───── Given data

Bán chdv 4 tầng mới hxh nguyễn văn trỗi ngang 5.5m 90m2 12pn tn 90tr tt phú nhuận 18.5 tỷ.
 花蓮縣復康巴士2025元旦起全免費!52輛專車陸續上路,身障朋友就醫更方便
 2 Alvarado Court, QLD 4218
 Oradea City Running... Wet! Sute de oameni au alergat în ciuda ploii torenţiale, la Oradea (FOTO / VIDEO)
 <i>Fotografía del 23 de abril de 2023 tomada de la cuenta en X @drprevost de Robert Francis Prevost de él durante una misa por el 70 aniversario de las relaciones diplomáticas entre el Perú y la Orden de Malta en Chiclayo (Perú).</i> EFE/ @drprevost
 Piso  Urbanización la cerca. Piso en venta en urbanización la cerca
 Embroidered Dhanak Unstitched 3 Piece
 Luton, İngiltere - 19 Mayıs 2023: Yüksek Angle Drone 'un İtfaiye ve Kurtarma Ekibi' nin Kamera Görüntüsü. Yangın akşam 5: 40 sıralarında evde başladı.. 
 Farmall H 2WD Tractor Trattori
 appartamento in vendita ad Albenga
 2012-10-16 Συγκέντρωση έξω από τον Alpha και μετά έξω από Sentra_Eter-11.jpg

──────────

# Problem
Line by line, restate the data exactly.

# Exercise solution
Bán chdv 4 tầng mới hxh nguyễn văn trỗi ngang 5.5m 90m2 12pn tn 90tr tt phú nhuận 18.5 tỷ.
 花蓮縣復康巴士2025元旦起全免費!52輛專車陸續上路,身障朋友就醫更方便
 2 Alvarado Court, QLD 4218
 Oradea City Running... Wet! Sute de oameni au alergat în ciuda ploii torenţiale, la Oradea (FOTO / VIDEO)
 <i>Fotografía del 23 de abril de 2023 tomada de la cuenta en X @drprevost de Robert Francis Prevost de él durante una misa por el 70 aniversario de las relaciones diplomáticas entre el Perú y la Orden de Malta en Chiclayo (Perú).</i> EFE/ @drprevost
 Piso  Urbanización la cerca. Piso en venta en urbanización la cerca
 Embroidered Dhanak Unstitched 3 Piece
 Luton, İngiltere - 19 Mayıs 2023: Yüksek Angle Drone 'un İtfaiye ve Kurtarma Ekibi' nin Kamera Görüntüsü. Yangın akşam 5: 40 sıralarında evde başladı.. 
 Farmall H 2WD Tractor Trattori
 appartamento in vendita ad Albenga
 2012-10-16 Συγκέντρωση έξω από τον Alpha και μετά έξω από Sentra_Eter-11.jpg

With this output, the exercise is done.